Dataset entries →
□ □ □ □
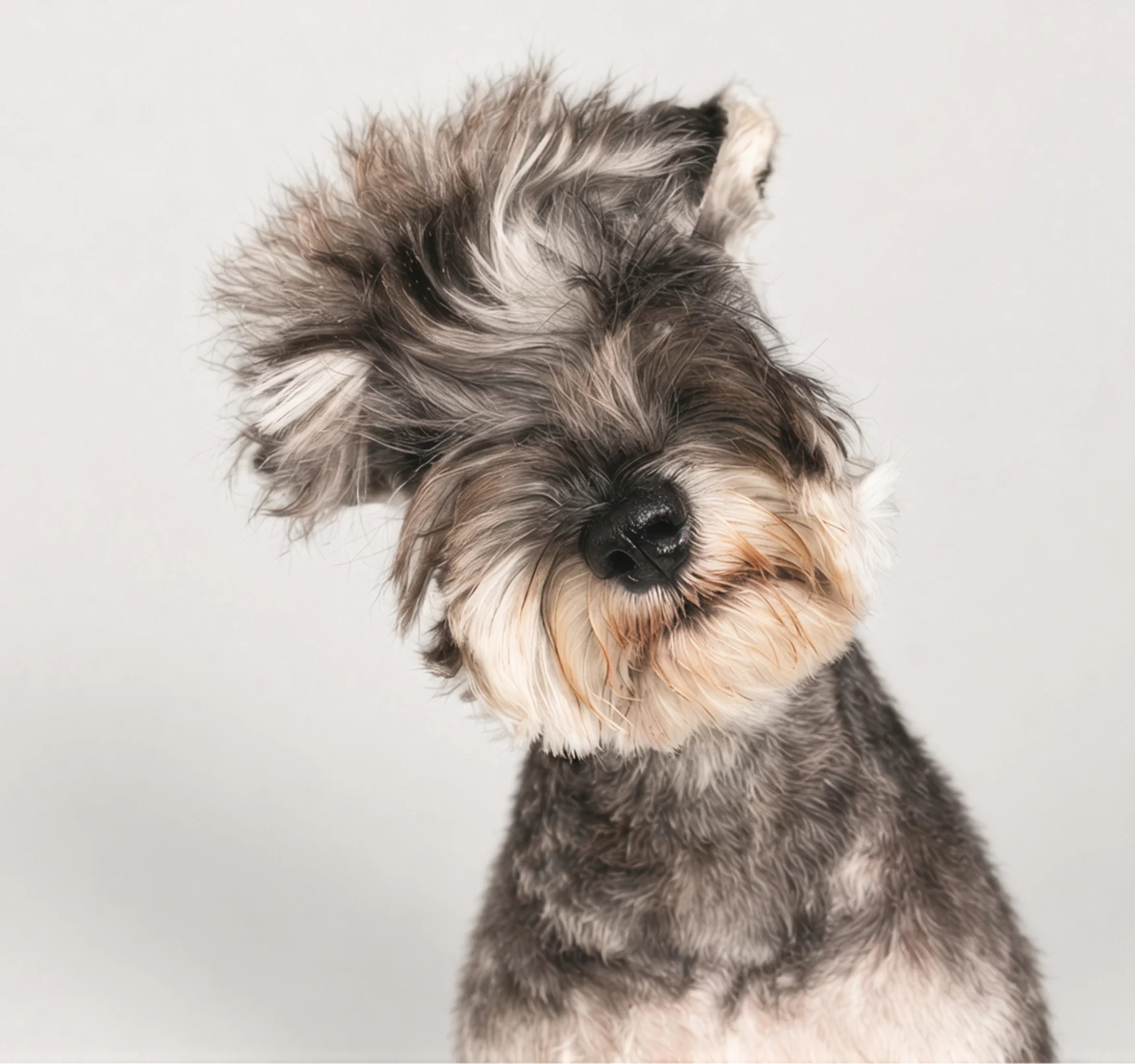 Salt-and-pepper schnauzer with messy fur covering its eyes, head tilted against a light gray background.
□ □ □ □
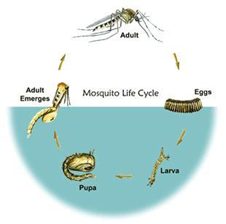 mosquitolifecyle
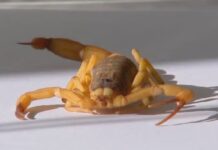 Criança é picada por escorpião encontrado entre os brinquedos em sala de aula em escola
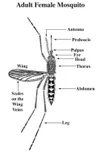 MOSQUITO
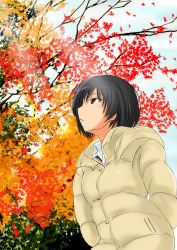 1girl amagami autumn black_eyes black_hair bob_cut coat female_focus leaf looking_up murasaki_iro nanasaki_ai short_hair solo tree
□ □ □ □
Task instructions → Above are the records. Copy only the lines from the one with "mosquitolifecyle" through the one with "1girl amagami autumn", exactly, with no pictures.

Exercise result →
 mosquitolifecyle
 Criança é picada por escorpião encontrado entre os brinquedos em sala de aula em escola
 MOSQUITO
 1girl amagami autumn black_eyes black_hair bob_cut coat female_focus leaf looking_up murasaki_iro nanasaki_ai short_hair solo tree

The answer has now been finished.